# ROTM Contest: Sept. Winner!



## 68greengoat (Sep 15, 2005)

Instg8ter!!!!! 1966 Tempest. Congrats!!! Your ride is featured on the homepage and will be entered in the Quaker State Autoguide.com free oil change drawing.

October's contest is ready for submissions.....
http://www.gtoforum.com/f85/rotm-contest-october-2011-a-34874/#post288164


----------



## BearGFR (Aug 25, 2008)

Congrats Brian!!!
Well deserved :cheers

Bear


----------



## facn8me (Jul 30, 2011)

One step closer to us tempest/lemans guy's taking over. WooHoo!!


----------



## jetstang (Nov 5, 2008)

Way to go G8ter!! The Tempest takes the prize on the GTO forum, WOO HOO!! But you deserve it, hell of a build and congrats!

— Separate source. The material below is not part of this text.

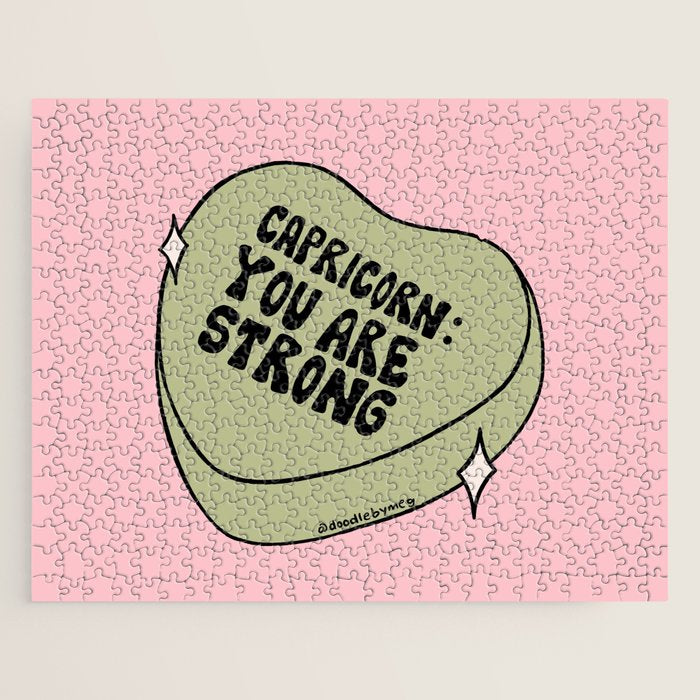 Capricorn Conversation Heart Jigsaw Puzzle Gallery Image 1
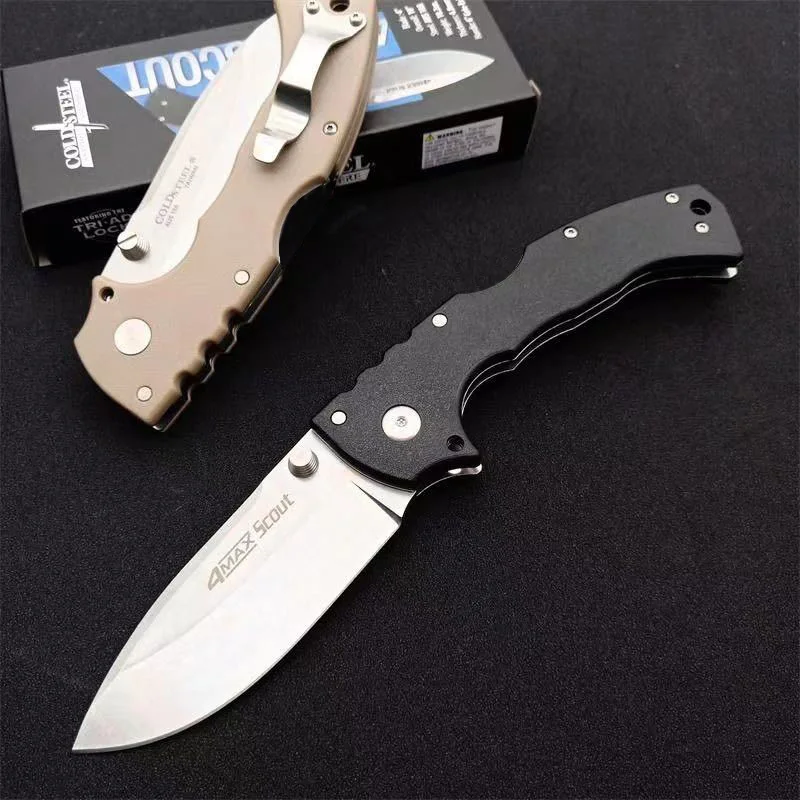 

Cold Steel Sharp Blade Folding Knife High Hardness Outdoor Survival EDC Tool for Tactical Hunting AUS-10A Steel Combat Tool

This is better than a trophy at a car show, this is from your peers!


----------



## Instg8ter (Sep 28, 2010)

:agree Jet....thanks to all that voted really means a lot to me.I was glad to share the build on here since it was the first time i have wrenched on a car in 20 years and no way i could have done it without all the help from the devoted Pontiac preservationists on here. Hope to see more entries and votes in the coming months as we all love the pics of others builds. I am glad i got her in before Bear and Erics cars are done...

http://s1098.photobucket.com/albums/g372/instg8ter/1966 Tempest/

Brian


----------



## Hot_Rod (Feb 10, 2011)

I voted for myself, lol. Probly the only vote I got, haha.

Grats dude, your car is definatly more superior.


----------